Terence Tao

Chess is another famous example.

The number of chess positions, we can't get a computer to fully explore.

But now we have AI.

We have tools to explore this space, not with 100% guarantees of success, but with experiment.

We can empirically solve chess now.

For example, we have very, very good AIs that don't explore every single position in the game tree, but they have found some very good approximation.

And people are using actually these chess engines to do experimental chess.

They're revisiting old chess theories about, oh, this type of opening, this is a good type of move, this is not.

And they can use these chess engines to actually refine, in some cases overturn, conventional wisdom about chess.

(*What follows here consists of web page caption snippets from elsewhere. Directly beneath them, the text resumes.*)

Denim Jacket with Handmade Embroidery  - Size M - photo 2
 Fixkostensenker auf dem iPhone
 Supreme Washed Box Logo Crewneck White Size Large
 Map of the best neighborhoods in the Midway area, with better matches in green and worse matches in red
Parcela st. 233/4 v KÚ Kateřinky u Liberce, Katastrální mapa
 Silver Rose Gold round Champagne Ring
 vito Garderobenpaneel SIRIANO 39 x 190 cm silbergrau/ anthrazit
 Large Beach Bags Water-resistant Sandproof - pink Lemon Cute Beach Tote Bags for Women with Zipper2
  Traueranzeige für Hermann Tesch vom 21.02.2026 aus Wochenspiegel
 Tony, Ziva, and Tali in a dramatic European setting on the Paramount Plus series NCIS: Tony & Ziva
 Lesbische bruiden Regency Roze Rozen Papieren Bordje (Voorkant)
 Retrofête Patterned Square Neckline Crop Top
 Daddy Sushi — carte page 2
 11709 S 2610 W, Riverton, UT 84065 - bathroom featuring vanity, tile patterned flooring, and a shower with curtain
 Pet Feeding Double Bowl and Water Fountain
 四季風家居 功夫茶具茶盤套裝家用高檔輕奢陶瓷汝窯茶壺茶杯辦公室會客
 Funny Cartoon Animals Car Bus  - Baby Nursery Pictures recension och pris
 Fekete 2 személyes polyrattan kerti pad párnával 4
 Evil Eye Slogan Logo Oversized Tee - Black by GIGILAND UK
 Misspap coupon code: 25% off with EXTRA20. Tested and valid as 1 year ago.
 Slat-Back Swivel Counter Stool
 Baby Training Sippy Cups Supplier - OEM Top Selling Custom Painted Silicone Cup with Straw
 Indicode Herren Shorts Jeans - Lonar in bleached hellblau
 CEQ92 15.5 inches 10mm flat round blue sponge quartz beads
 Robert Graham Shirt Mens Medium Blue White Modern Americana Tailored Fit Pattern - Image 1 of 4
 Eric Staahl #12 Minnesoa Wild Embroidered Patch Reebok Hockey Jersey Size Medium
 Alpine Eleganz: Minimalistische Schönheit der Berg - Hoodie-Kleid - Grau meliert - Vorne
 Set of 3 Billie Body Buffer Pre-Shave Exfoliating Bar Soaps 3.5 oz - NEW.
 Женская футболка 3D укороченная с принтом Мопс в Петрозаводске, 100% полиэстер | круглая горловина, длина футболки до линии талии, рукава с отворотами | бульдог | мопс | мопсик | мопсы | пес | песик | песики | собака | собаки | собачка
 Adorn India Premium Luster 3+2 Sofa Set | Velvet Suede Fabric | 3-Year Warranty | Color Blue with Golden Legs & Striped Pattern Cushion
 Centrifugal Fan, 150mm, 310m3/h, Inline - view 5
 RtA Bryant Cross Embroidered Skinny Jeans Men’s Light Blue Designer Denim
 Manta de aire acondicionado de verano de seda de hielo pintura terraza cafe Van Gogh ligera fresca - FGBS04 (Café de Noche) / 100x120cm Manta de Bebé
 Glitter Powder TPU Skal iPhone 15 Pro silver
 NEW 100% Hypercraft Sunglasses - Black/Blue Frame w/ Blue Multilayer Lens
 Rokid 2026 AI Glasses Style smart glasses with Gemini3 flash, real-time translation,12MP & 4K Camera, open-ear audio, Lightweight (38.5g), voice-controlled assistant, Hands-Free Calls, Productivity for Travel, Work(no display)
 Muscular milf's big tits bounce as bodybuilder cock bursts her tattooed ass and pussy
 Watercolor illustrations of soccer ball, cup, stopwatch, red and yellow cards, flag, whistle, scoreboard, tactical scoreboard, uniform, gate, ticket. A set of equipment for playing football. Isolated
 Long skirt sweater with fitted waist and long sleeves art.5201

And I do hope that mathematics will have a larger experimental component in the future, perhaps powered by AI.

Well, there are these three ontological things.

There's actual reality, there's observations, and our models.

And technically they are distinct, and I think they will always be distinct.

But they can get closer over time.

The process of getting closer often means that you have to discard your initial intuitions.

Astronomy provides great examples.

An initial model of the world is flat because it looks flat, and it's big.

The rest of the universe, the sun, for example, looks really tiny.

And so you start off with a model, which is actually really far from reality, but it fits kind of the observations that you have.

So things look good, but over time, as you make more and more observations, bring it closer to reality, the model gets dragged along with it.